Tren meninggalkan media sosial kini menjadi fenomena yang semakin kentara. Media sosial, yang awalnya diciptakan untuk menjalin hubungan antara teman dan kerabat dari jarak jauh, ironisnya kini banyak berubah menjadi sumber kecemasan di kalangan anak muda. Platform digital yang seharusnya menjadi sarana bercengkrama dan berbagi kabar ini tak luput dari pertunjukan yang melelahkan. Semakin kita sadari, media sosial justru menciptakan jarak dan membuat kita semakin asing dengan orang yang dikenal, di mana kepribadian mereka di dunia maya seringkali jauh berbeda dari dunia offline. Kelelahan mental akibat dampak buruk media sosial ini mendorong banyak individu untuk memutuskan berhenti media sosial sepenuhnya.

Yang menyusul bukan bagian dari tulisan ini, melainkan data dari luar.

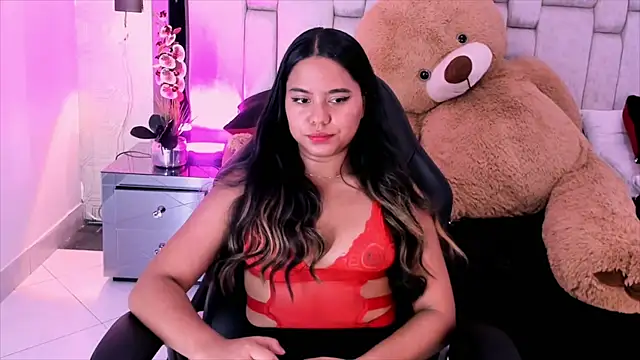 Marilyn-Cooper online show from 12/12/24, 10:02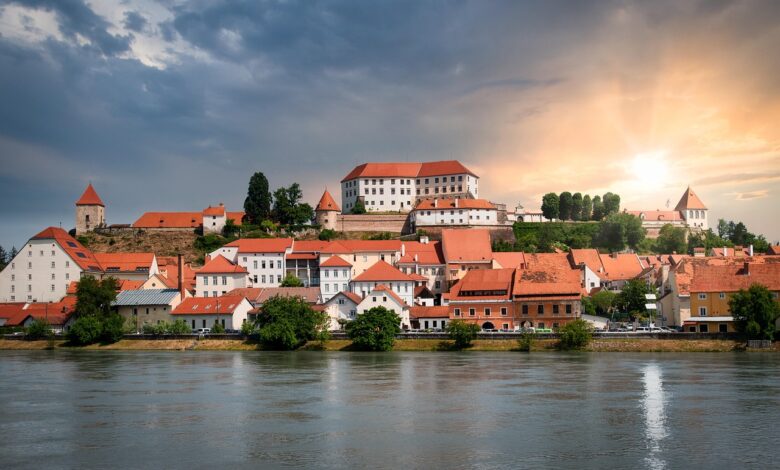 ptuj postaja kulinaricna prestolnica pricakujejo 10 000 obiskovalcev 6a086a7171218 1778936433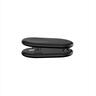 MICROPHONE WIRELESS SYSTEM BOYA LINK 3-01, 2xMIC, USB-C, Lightning, 3.5mm, Black, BOYA LINK 3-01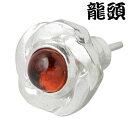 【ポイント5倍!13日まで!】 龍頭 RYUZU 小花 ツイスト シルバー ピアス アクセサリー 1ヶ ピン ストーン 1個売り 片耳用 シルバー925 スター...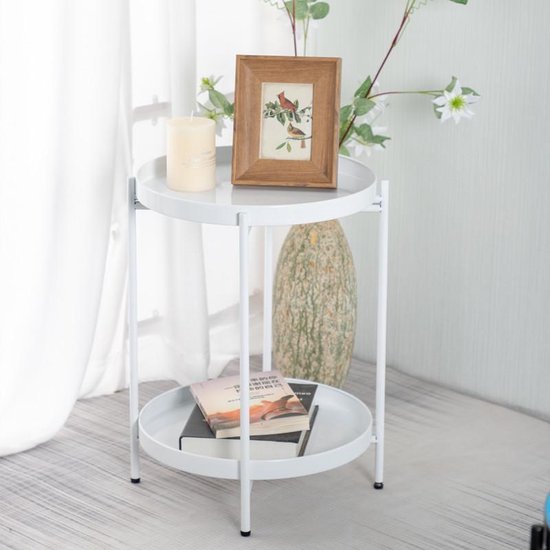 ProductAsset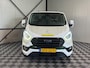 Ford Transit Custom 340 1.0 EcoBoost PHEV | Trend 3-Pers | HEV DYNAMO DEFECT | Airco | Navi | Camera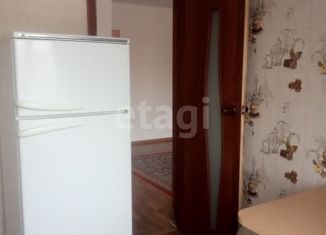 Продается 1-ком. квартира, 31.1 м2, Омск, проспект Мира, 28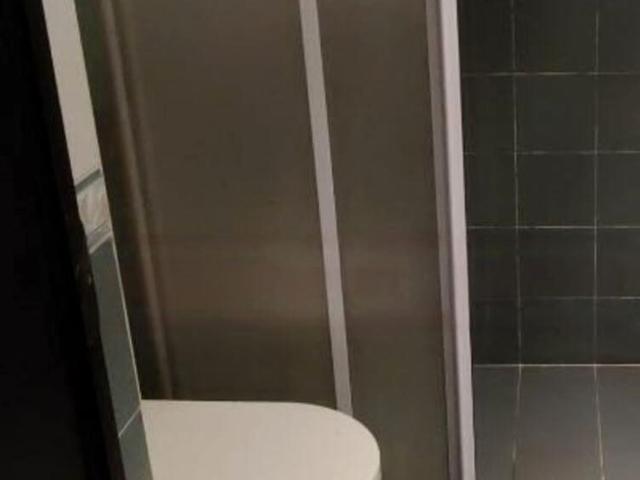 Condominium for rent in Ulu Pandan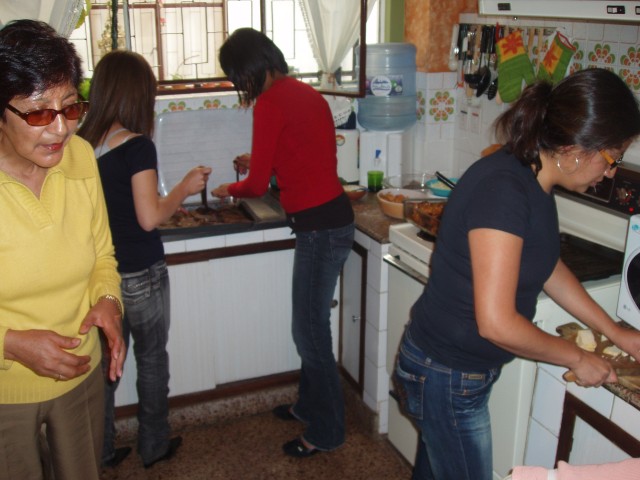 P1120286.JPG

Perkembangan media sosial dalam beberapa tahun terakhir telah mengubah fungsinya secara drastis. Medsos kini bukan lagi pelarian yang menyenangkan, melainkan sumber kelelahan baru. Bahkan, banyak yang merasa hidup akan jauh lebih tenang jika memutuskan untuk sepenuhnya berhenti media sosial. Ini bukan hanya opini, melainkan pengalaman yang dirasakan banyak pengguna saat ini, yang sadar akan dampak buruk media sosial.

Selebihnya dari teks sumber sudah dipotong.